• WORK TASK
Begin at the line containing "Model with braided" in the data below and go on through the line containing "An old wooden", repeating each line exactly; include both ends and no other line.
EXCERPTED RECORDS START
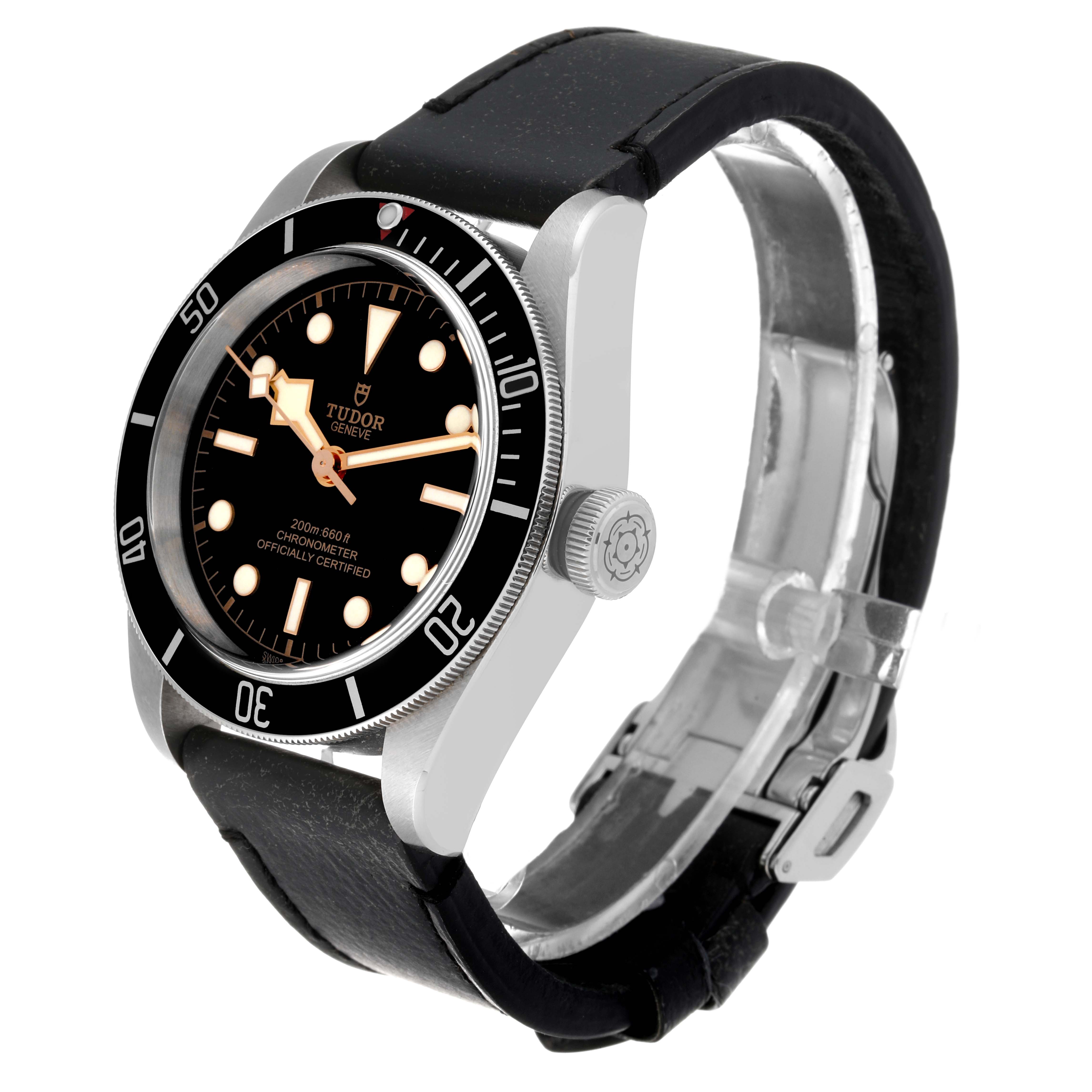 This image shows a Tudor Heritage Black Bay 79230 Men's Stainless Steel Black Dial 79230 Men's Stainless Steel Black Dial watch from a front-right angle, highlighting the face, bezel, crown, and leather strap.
EXCERPTED RECORDS END
EXCERPTED RECORDS START
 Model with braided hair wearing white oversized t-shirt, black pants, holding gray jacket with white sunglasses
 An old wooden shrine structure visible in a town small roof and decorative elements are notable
EXCERPTED RECORDS END
• ANSWER
 Model with braided hair wearing white oversized t-shirt, black pants, holding gray jacket with white sunglasses
 An old wooden shrine structure visible in a town small roof and decorative elements are notable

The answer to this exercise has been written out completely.